Exercise aim ::
When you copy from the entries that follow, take only the lines from the one with "Postcard: Tropical Beauty in Florida" down to the one with "Catalogo Marcha News - VI Santa Esmeralda", keeping both ends and dropping every picture.

Input for this task ::
━━━━━━━━

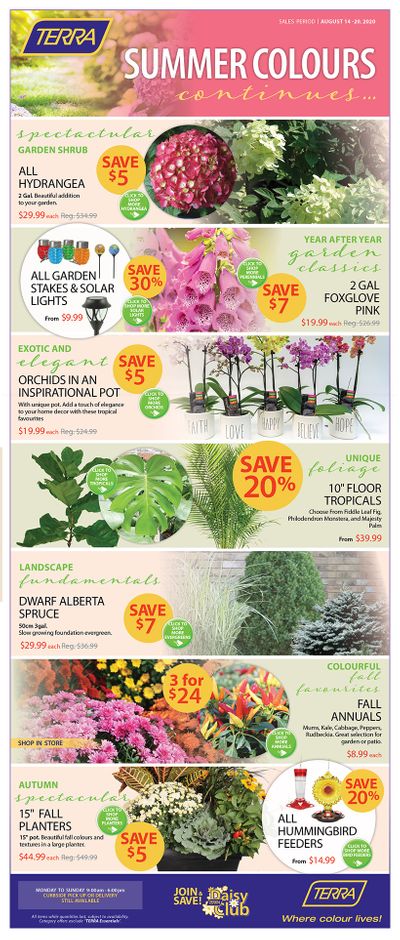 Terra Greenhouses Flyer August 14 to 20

━━━━━━━━

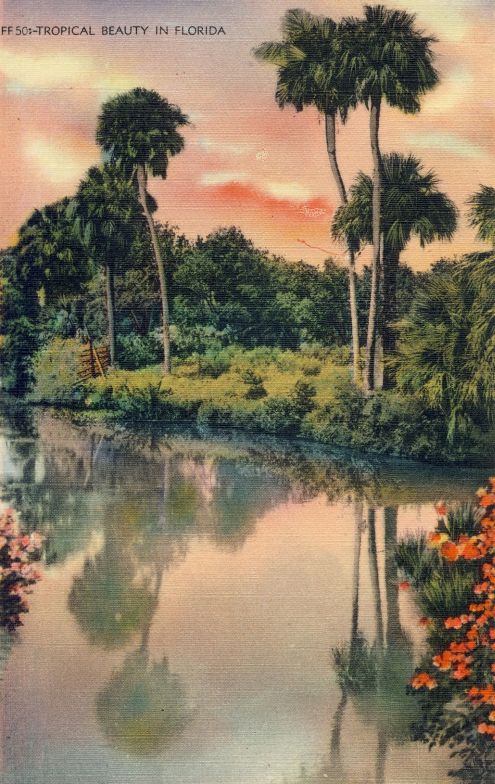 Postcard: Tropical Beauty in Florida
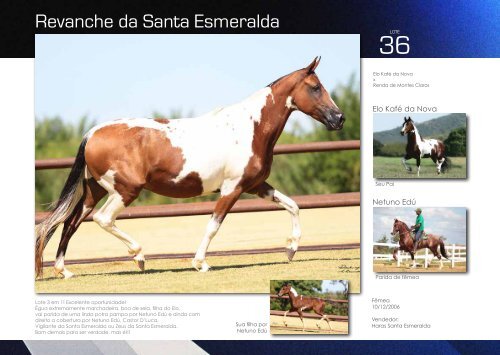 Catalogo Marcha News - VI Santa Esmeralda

━━━━━━━━

Answer section ::
 Postcard: Tropical Beauty in Florida
 Catalogo Marcha News - VI Santa Esmeralda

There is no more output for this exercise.